RUSSIAN YACHT WILL BE ALLOWED TO DOCK IN CAPE TOWN
The R9 billion superyacht belonging to Russian oligarch Alexe Mordashov departed Hong Kong last week, bound for Cape Town. It is believed that Mordashov is aboard the vessel and intends to enter South Africa through the port of Cape Town.
Mordashov is reportedly chairman of the company Severgroup, which is a major shareholder of Bank Rossiya, of which he personally owns a considerable share and is the main shareholder and chairman of Severstal, Russia’s biggest steel company.
In his letter, Hill-Lewis said South Africa has a moral duty to do what it can to protest unjust war, state terrorism, and the gross violation of human rights saying the country ought to stand up against expansionist imperialism wherever it rears its ugly head.
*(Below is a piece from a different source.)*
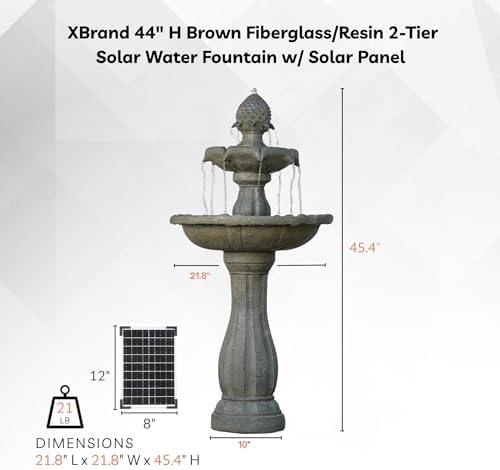 XBrand 44" Solar Powered 2-Tier Outdoor Water Fountain, Fiberglass Resin, with Solar Panel and Auto Shut-Off Pump, Brown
This is especially so, in light of the South Africa’s own painful history of imperialism.
Hill-Lewis said the international community has recognised Russia’s invasion of Ukraine and its annexation of four areas of Ukrainian territory by force as illegal.
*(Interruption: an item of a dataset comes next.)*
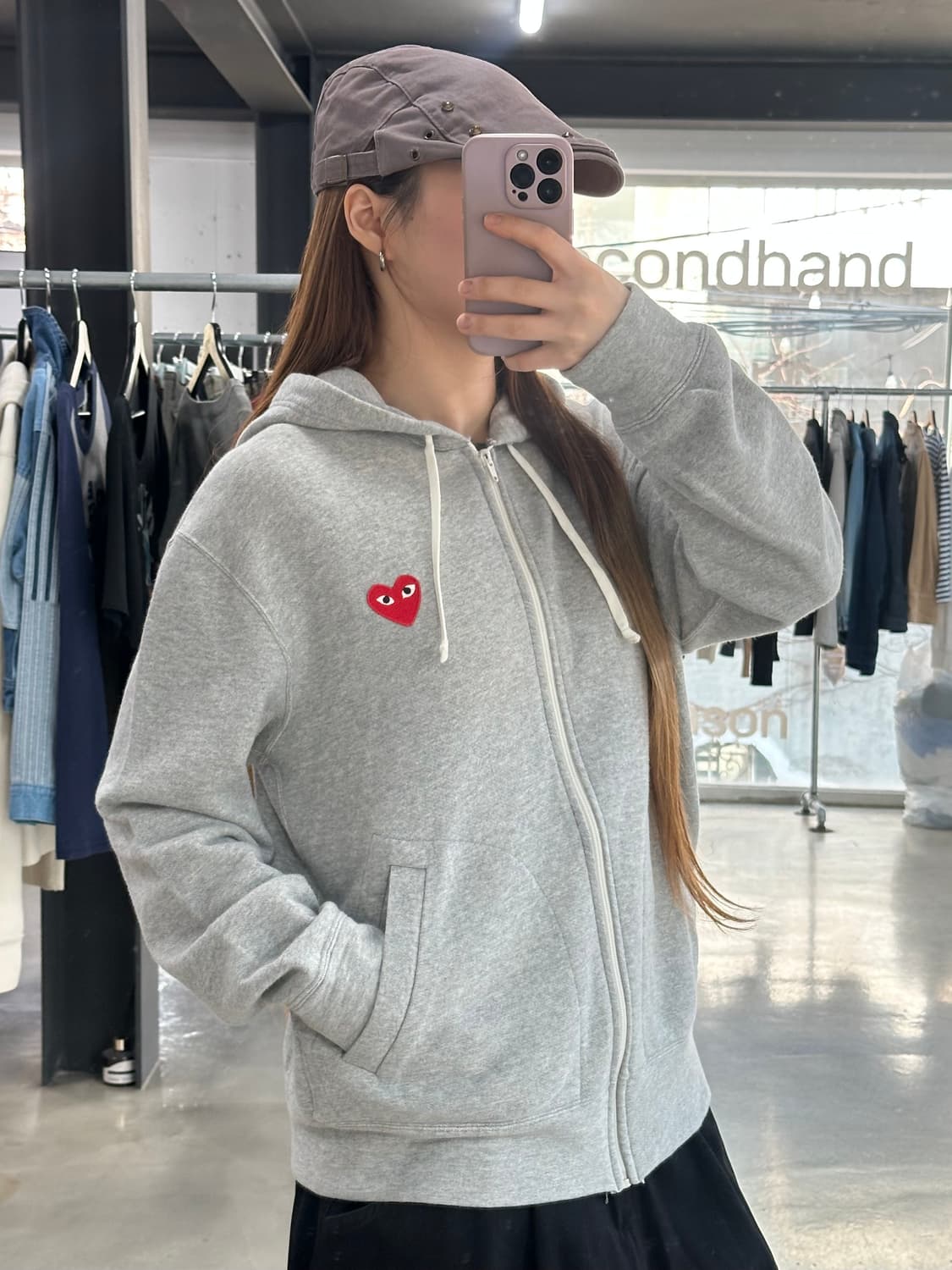 꼼데가르송 하트 후드집업  상품이미지2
“Clear evidence exists for war crimes and crimes against humanity having been committed by the Russian state against the Ukrainian people, including deliberate attacks against civilian targets, massacres of civilians, torture, and the rape of women and children. Many thousands of people have died and many more have had their homes destroyed and lives torn apart,” he said.
Magwenya said there is no reason to prevent the entry of individuals who abide by the country’s immigration.
“South African obligations with respect to sanctions relate to only those specifically adopted by the United Nations. Currently there are no UN imposed sanctions on the particular individual, therefore South Africa has no legal obligation to abide by sanctions that the US and EU have decided to impose within specific jurisdictions,” Magwenya said.